Following on from last week’s rant about Cbeebies taking over my house, and having had a lazy afternoon with a DVD on Saturday, I decided – in true evil despot style, with no consultation – that yesterday was going to be No Screen Sunday. The TV was turned off, tablets and phones were put away and …children instructed to find something else to do. I might as well have done an evil genius “MWAH-HAH-HAH!” laugh and rubbed my hands in glee at the carnage I was about to unleash on my house. What followed was not exactly pleasant, and I do NOT recommend you try this at home.
11YO’s first question on being deprived of screen time was to ask if she could write a story. (See – the nasty television has been stifling all her creativity which will come flooding out if we just give it a chance…! ) I of course agreed and then realised that she was intending to write her story on the ancient laptop which we gave her about 5 years ago, when it crashed and lost most of its hard drive. It can’t access the internet, or do much apart from a bit of word processing and viewing photos, but still, it’s got a screen and I’ve just banned screens. (AARGGHGH! Do I quickly backtrack and say no, stories must be written on paper – refusing to acknowledge the positive uses of technology – or do I acquiesce and allow a moral victory for the child who already sees her life as a battle with me as the enemy??) Well, I’d only just persuaded 4YO to stop crying about the TV ban and I couldn’t cope with any more screaming just then, so I said yes to story writing on the laptop, then went downstairs to have an argument with Husband who thought we should have taken the opposite approach.

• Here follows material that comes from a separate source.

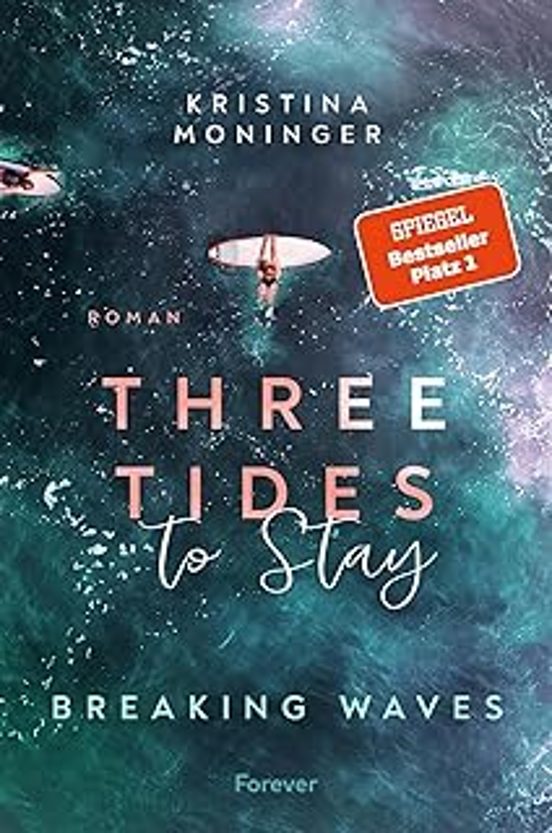 Three Tides To Stay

Anyway, the story writing lasted about 90 seconds (I’m going to suggest she takes part in Sometimes Stellar Storyteller’s Six word story challenges) and then the next thing I knew both children had decided to play hairdressers. Half an hour of tranquility followed, while they plaited each other’s hair like little angels (Yes, it’s working!) followed by a gradual crescendo of bad temper as they moved on from hairdressing to manicures, only to find (as always happens) that 4YO can’t sit still for long enough for her nails to dry, and 11YO gets cross and they both end up yelling at each other. At least this time didn’t end up with red nail polish being spilt on beige carpet. So, once we’d broken them apart, I dragged 4YO to the shops while Husband and 11YO stayed home to make lunch.
Maybe it’s the age gap (6 years) but I find my children really need time apart from each other. By the time we got back from Sainsbury’s 11YO had rustled up some tomato soup and homemade potato crisps (and Husband was beginning a washing up session which would turn out to take three hours). We had a nice lunch and then afterwards, having tried and failed to get them both to sit down and do some quiet reading, I agreed to take them swimming. Actually, when I got sprayed with a water pistol as I sat reading, I sensed that some water-based activities might be in order.
Swimming turned out to be a mixed blessing – 11YO is confident in the deep end but would ideally still have someone with her, but I’m not a confident enough swimmer myself to want to take 4YO, who has only just started swimming lessons, out of her depth. So keeping them both happy was a challenge, and I think that 11YO was sadly a bit shortchanged. Home after swimming, and we somehow managed to fill the rest of the day with 11YO doing some violin practice, drawing and homework, while 4YO alternated between playing with her swimming woggle, looking through old photo albums with me and trying to rip the violin out of her sister’s grasp. Overall, one of those days when you heave a sigh of relief when they’re finally asleep.
Yesterday would certainly have been easier if we’d just let them turn the TV on. There may well have been a lot less fighting. But if we’d had the TV on at all, they would also have missed out on some – or all – of the following: playing hairdressers, painting nails, cooking, shopping, reading, swimming, violin practice, school homework, looking at photo albums and talking about our family history, drawing or music practice. The length of that list, despite it being a pretty unremarkable day, makes me realise just how many opportunities we shut down when we turn on the TV. I certainly could have managed the day a lot better, by bringing another adult swimming, or a friend for 11YO, and intervening in the nail painting before it went wrong. So I may well try another “No Screen Sunday” but I’ll plan it better and reward myself with a big glass of wine at the end of the day!